#### [RECORDS FOR THIS EXERCISE]
========================================

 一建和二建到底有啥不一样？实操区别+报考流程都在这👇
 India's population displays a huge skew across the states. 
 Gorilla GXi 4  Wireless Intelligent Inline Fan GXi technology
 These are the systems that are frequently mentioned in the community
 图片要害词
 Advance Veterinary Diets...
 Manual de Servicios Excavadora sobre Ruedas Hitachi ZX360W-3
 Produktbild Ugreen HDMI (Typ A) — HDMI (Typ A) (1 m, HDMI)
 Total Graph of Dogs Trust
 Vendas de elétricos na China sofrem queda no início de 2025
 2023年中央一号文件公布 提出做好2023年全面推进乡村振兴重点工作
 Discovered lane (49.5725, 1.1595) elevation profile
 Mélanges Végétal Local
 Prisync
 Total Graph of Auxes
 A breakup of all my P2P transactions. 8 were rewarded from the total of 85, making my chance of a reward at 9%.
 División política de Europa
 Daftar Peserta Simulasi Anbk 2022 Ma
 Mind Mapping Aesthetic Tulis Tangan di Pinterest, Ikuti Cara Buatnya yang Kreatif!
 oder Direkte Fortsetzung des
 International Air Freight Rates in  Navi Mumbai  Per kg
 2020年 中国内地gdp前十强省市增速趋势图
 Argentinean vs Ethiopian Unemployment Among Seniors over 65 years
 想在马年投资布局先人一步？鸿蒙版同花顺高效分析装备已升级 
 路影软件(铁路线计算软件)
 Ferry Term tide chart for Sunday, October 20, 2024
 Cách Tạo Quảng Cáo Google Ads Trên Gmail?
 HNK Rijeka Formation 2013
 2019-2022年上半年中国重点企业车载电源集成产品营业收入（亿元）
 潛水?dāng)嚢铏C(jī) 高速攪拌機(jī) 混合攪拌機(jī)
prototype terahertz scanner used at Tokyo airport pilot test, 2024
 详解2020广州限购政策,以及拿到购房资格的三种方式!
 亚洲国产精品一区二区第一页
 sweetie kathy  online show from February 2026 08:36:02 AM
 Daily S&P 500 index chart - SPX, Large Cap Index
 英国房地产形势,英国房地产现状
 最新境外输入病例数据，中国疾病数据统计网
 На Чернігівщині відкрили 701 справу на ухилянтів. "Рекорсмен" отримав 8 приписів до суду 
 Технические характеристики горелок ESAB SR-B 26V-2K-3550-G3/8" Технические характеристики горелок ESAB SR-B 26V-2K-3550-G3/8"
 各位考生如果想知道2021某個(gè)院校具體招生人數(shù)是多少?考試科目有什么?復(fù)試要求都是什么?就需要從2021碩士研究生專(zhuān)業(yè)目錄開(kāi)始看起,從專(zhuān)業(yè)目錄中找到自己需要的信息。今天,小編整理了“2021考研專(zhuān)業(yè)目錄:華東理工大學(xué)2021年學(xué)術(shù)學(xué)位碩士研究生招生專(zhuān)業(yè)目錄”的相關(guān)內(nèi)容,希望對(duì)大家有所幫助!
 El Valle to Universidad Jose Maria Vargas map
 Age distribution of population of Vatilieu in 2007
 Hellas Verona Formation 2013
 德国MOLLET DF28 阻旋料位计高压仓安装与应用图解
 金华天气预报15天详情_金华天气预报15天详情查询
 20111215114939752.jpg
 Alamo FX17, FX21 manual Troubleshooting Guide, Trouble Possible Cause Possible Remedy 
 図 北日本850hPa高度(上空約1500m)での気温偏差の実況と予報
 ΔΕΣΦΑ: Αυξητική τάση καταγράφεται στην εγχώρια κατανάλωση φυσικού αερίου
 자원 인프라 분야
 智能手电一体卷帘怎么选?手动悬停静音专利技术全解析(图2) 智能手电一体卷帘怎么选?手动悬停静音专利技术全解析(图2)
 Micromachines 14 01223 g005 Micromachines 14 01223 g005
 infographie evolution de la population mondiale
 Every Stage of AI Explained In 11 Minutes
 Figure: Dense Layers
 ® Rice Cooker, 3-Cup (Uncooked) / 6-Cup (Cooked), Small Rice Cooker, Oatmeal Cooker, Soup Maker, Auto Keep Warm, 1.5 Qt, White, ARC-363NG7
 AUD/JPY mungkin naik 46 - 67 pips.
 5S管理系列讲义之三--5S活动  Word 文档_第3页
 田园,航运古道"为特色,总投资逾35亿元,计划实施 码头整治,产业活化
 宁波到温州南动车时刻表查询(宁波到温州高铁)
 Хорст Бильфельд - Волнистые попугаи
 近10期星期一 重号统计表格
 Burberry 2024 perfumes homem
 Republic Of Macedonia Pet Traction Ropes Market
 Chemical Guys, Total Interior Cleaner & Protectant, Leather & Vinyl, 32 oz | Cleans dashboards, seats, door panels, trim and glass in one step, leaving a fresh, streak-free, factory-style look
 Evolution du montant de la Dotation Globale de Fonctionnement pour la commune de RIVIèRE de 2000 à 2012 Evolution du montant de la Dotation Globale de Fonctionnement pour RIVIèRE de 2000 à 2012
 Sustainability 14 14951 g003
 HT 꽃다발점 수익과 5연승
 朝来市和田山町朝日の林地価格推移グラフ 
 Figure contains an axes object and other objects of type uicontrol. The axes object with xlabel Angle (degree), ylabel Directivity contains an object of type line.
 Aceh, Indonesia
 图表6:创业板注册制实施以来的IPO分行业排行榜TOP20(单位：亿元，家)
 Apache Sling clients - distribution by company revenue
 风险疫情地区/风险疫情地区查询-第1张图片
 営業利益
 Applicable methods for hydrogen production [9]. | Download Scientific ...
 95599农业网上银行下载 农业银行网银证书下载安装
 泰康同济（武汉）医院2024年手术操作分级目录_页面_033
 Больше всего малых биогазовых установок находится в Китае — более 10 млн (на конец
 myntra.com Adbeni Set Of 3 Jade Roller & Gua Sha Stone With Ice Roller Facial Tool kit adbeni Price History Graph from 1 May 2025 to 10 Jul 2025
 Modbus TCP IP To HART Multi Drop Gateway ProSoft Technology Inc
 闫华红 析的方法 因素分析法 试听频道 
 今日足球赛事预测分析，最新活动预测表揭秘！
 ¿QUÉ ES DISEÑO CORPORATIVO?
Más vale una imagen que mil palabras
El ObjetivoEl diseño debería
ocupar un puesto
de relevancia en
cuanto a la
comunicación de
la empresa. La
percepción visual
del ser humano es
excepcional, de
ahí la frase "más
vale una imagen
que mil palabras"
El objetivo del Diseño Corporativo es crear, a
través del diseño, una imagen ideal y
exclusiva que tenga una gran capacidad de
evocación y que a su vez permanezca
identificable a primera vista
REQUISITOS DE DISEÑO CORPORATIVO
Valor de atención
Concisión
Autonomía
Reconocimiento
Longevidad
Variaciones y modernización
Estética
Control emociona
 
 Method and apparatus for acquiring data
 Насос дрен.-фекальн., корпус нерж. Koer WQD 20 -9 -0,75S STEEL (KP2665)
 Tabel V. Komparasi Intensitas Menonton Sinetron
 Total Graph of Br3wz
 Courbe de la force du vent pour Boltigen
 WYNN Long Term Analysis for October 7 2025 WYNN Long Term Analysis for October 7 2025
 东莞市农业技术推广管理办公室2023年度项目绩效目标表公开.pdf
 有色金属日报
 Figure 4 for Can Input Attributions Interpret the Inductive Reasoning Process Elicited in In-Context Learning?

========================================

#### [WHAT THE EXERCISE ASKS]
An exact copy of all the records is the only acceptable answer.

#### [YOUR SOLUTION]
 一建和二建到底有啥不一样？实操区别+报考流程都在这👇
 India's population displays a huge skew across the states. 
 Gorilla GXi 4  Wireless Intelligent Inline Fan GXi technology
 These are the systems that are frequently mentioned in the community
 图片要害词
 Advance Veterinary Diets...
 Manual de Servicios Excavadora sobre Ruedas Hitachi ZX360W-3
 Produktbild Ugreen HDMI (Typ A) — HDMI (Typ A) (1 m, HDMI)
 Total Graph of Dogs Trust
 Vendas de elétricos na China sofrem queda no início de 2025
 2023年中央一号文件公布 提出做好2023年全面推进乡村振兴重点工作
 Discovered lane (49.5725, 1.1595) elevation profile
 Mélanges Végétal Local
 Prisync
 Total Graph of Auxes
 A breakup of all my P2P transactions. 8 were rewarded from the total of 85, making my chance of a reward at 9%.
 División política de Europa
 Daftar Peserta Simulasi Anbk 2022 Ma
 Mind Mapping Aesthetic Tulis Tangan di Pinterest, Ikuti Cara Buatnya yang Kreatif!
 oder Direkte Fortsetzung des
 International Air Freight Rates in  Navi Mumbai  Per kg
 2020年 中国内地gdp前十强省市增速趋势图
 Argentinean vs Ethiopian Unemployment Among Seniors over 65 years
 想在马年投资布局先人一步？鸿蒙版同花顺高效分析装备已升级 
 路影软件(铁路线计算软件)
 Ferry Term tide chart for Sunday, October 20, 2024
 Cách Tạo Quảng Cáo Google Ads Trên Gmail?
 HNK Rijeka Formation 2013
 2019-2022年上半年中国重点企业车载电源集成产品营业收入（亿元）
 潛水?dāng)嚢铏C(jī) 高速攪拌機(jī) 混合攪拌機(jī)
prototype terahertz scanner used at Tokyo airport pilot test, 2024
 详解2020广州限购政策,以及拿到购房资格的三种方式!
 亚洲国产精品一区二区第一页
 sweetie kathy  online show from February 2026 08:36:02 AM
 Daily S&P 500 index chart - SPX, Large Cap Index
 英国房地产形势,英国房地产现状
 最新境外输入病例数据，中国疾病数据统计网
 На Чернігівщині відкрили 701 справу на ухилянтів. "Рекорсмен" отримав 8 приписів до суду 
 Технические характеристики горелок ESAB SR-B 26V-2K-3550-G3/8" Технические характеристики горелок ESAB SR-B 26V-2K-3550-G3/8"
 各位考生如果想知道2021某個(gè)院校具體招生人數(shù)是多少?考試科目有什么?復(fù)試要求都是什么?就需要從2021碩士研究生專(zhuān)業(yè)目錄開(kāi)始看起,從專(zhuān)業(yè)目錄中找到自己需要的信息。今天,小編整理了“2021考研專(zhuān)業(yè)目錄:華東理工大學(xué)2021年學(xué)術(shù)學(xué)位碩士研究生招生專(zhuān)業(yè)目錄”的相關(guān)內(nèi)容,希望對(duì)大家有所幫助!
 El Valle to Universidad Jose Maria Vargas map
 Age distribution of population of Vatilieu in 2007
 Hellas Verona Formation 2013
 德国MOLLET DF28 阻旋料位计高压仓安装与应用图解
 金华天气预报15天详情_金华天气预报15天详情查询
 20111215114939752.jpg
 Alamo FX17, FX21 manual Troubleshooting Guide, Trouble Possible Cause Possible Remedy 
 図 北日本850hPa高度(上空約1500m)での気温偏差の実況と予報
 ΔΕΣΦΑ: Αυξητική τάση καταγράφεται στην εγχώρια κατανάλωση φυσικού αερίου
 자원 인프라 분야
 智能手电一体卷帘怎么选?手动悬停静音专利技术全解析(图2) 智能手电一体卷帘怎么选?手动悬停静音专利技术全解析(图2)
 Micromachines 14 01223 g005 Micromachines 14 01223 g005
 infographie evolution de la population mondiale
 Every Stage of AI Explained In 11 Minutes
 Figure: Dense Layers
 ® Rice Cooker, 3-Cup (Uncooked) / 6-Cup (Cooked), Small Rice Cooker, Oatmeal Cooker, Soup Maker, Auto Keep Warm, 1.5 Qt, White, ARC-363NG7
 AUD/JPY mungkin naik 46 - 67 pips.
 5S管理系列讲义之三--5S活动  Word 文档_第3页
 田园,航运古道"为特色,总投资逾35亿元,计划实施 码头整治,产业活化
 宁波到温州南动车时刻表查询(宁波到温州高铁)
 Хорст Бильфельд - Волнистые попугаи
 近10期星期一 重号统计表格
 Burberry 2024 perfumes homem
 Republic Of Macedonia Pet Traction Ropes Market
 Chemical Guys, Total Interior Cleaner & Protectant, Leather & Vinyl, 32 oz | Cleans dashboards, seats, door panels, trim and glass in one step, leaving a fresh, streak-free, factory-style look
 Evolution du montant de la Dotation Globale de Fonctionnement pour la commune de RIVIèRE de 2000 à 2012 Evolution du montant de la Dotation Globale de Fonctionnement pour RIVIèRE de 2000 à 2012
 Sustainability 14 14951 g003
 HT 꽃다발점 수익과 5연승
 朝来市和田山町朝日の林地価格推移グラフ 
 Figure contains an axes object and other objects of type uicontrol. The axes object with xlabel Angle (degree), ylabel Directivity contains an object of type line.
 Aceh, Indonesia
 图表6:创业板注册制实施以来的IPO分行业排行榜TOP20(单位：亿元，家)
 Apache Sling clients - distribution by company revenue
 风险疫情地区/风险疫情地区查询-第1张图片
 営業利益
 Applicable methods for hydrogen production [9]. | Download Scientific ...
 95599农业网上银行下载 农业银行网银证书下载安装
 泰康同济（武汉）医院2024年手术操作分级目录_页面_033
 Больше всего малых биогазовых установок находится в Китае — более 10 млн (на конец
 myntra.com Adbeni Set Of 3 Jade Roller & Gua Sha Stone With Ice Roller Facial Tool kit adbeni Price History Graph from 1 May 2025 to 10 Jul 2025
 Modbus TCP IP To HART Multi Drop Gateway ProSoft Technology Inc
 闫华红 析的方法 因素分析法 试听频道 
 今日足球赛事预测分析，最新活动预测表揭秘！
 ¿QUÉ ES DISEÑO CORPORATIVO?
Más vale una imagen que mil palabras
El ObjetivoEl diseño debería
ocupar un puesto
de relevancia en
cuanto a la
comunicación de
la empresa. La
percepción visual
del ser humano es
excepcional, de
ahí la frase "más
vale una imagen
que mil palabras"
El objetivo del Diseño Corporativo es crear, a
través del diseño, una imagen ideal y
exclusiva que tenga una gran capacidad de
evocación y que a su vez permanezca
identificable a primera vista
REQUISITOS DE DISEÑO CORPORATIVO
Valor de atención
Concisión
Autonomía
Reconocimiento
Longevidad
Variaciones y modernización
Estética
Control emociona
 
 Method and apparatus for acquiring data
 Насос дрен.-фекальн., корпус нерж. Koer WQD 20 -9 -0,75S STEEL (KP2665)
 Tabel V. Komparasi Intensitas Menonton Sinetron
 Total Graph of Br3wz
 Courbe de la force du vent pour Boltigen
 WYNN Long Term Analysis for October 7 2025 WYNN Long Term Analysis for October 7 2025
 东莞市农业技术推广管理办公室2023年度项目绩效目标表公开.pdf
 有色金属日报
 Figure 4 for Can Input Attributions Interpret the Inductive Reasoning Process Elicited in In-Context Learning?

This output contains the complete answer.